# Need help finding a saxophonist



## amagras (Apr 22, 2015)

Can someone help me find a saxophonist who is willing to play one of my songs? I can not pay because I do not sell this music but I can offer my studio and skills in payment.

Thanks in advance, I know it's crazy but I have to try.

andreimartinezagras.webs.com
Here is an example for consideration
https://youtu.be/NDV6IQJgxSE


----------



## Guest (Sep 23, 2015)

Bandmix.ca


----------



## amagras (Apr 22, 2015)

Good idea! Thanks


----------



## amagras (Apr 22, 2015)

laristotle said:


> Bandmix.ca


Nah, hasn't work...


----------



## Chito (Feb 17, 2006)

You are in Ottawa right? Have you tried posting at http:// www.theottawamusician.com ? That's where I've found a few musicians that I have played with.

Sent from my mobile computer.


----------



## Chito (Feb 17, 2006)

If you are on Facebook, do a search on Ottawa music and join the different groups and post your ad in there.

Sent from my mobile computer.


----------



## amagras (Apr 22, 2015)

Thanks Chito for the link and the suggestion. I see you are in Ottawa too (greco told me before) maybe I'll have the opportunity to meet you in person someday.


----------



## Chito (Feb 17, 2006)

You're welcome. For sure. Most times folks here I've met when doing gear deals. I'm in the west end.

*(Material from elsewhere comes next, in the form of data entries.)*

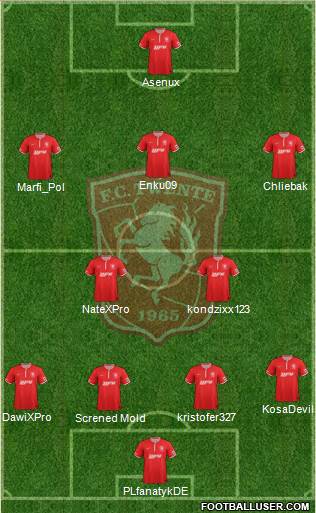 FC Twente Formation 2014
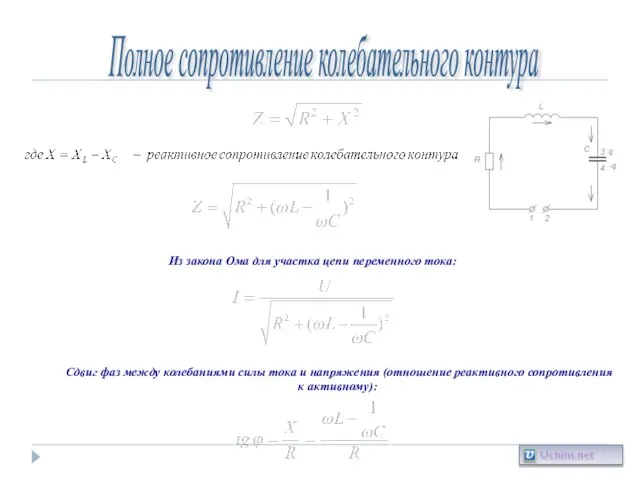 Полное сопротивление колебательного контура Из закона Ома для участка цепи переменного тока:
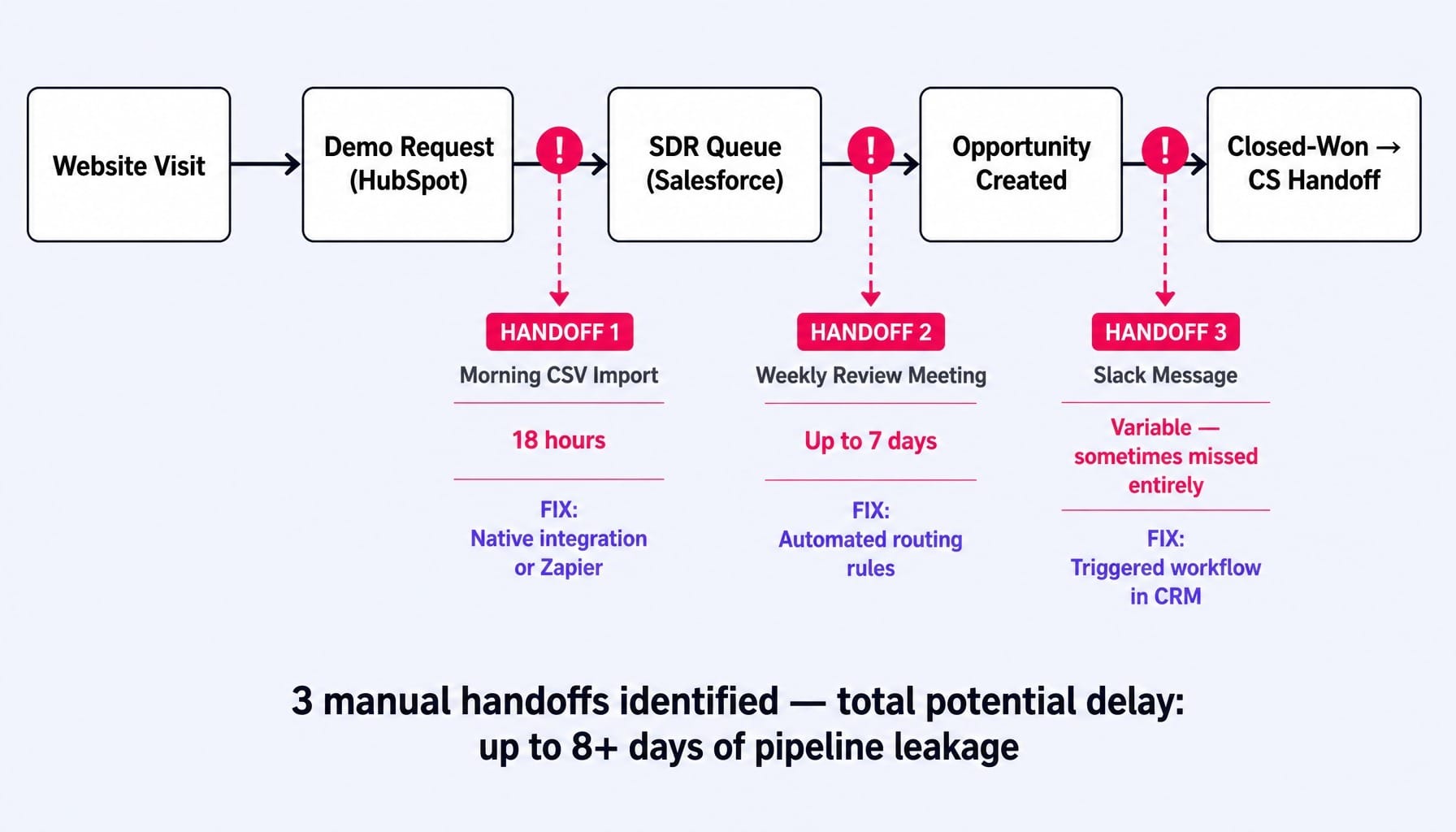 A $12M company's friction map reveals 8+ days of hidden pipeline delay.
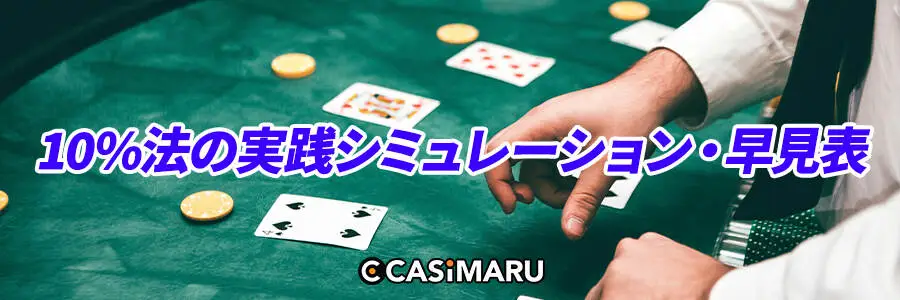 10%法の実践シミュレーション・早見表
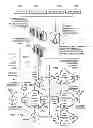 Fig. 25 - System and method for adjusting communication parameters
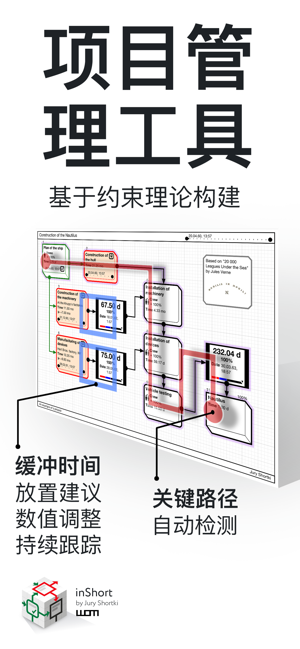 inShort:项目和工作流规划专家iPhone版截图3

Sent from my mobile computer.


----------



## amagras (Apr 22, 2015)

At this point I have to say that www.theottawamusician.com seems not to be a very frequented website.


----------



## Neil Sharpe (Nov 19, 2015)

Try Saxontheweb.net, the world's largest sax forum, with nearly 50,000 members, including a large number of Canadians. You could try posting in the "Working Pros" section. Registration is free.
http://forum.saxontheweb.net/forum.php


----------



## amagras (Apr 22, 2015)

Neil Sharpe said:


> Try Saxontheweb.net, the world's largest sax forum, with nearly 50,000 members, including a large number of Canadians. You could try posting in the "Working Pros" section. Registration is free.
> http://forum.saxontheweb.net/forum.php


Thank you Neil!


----------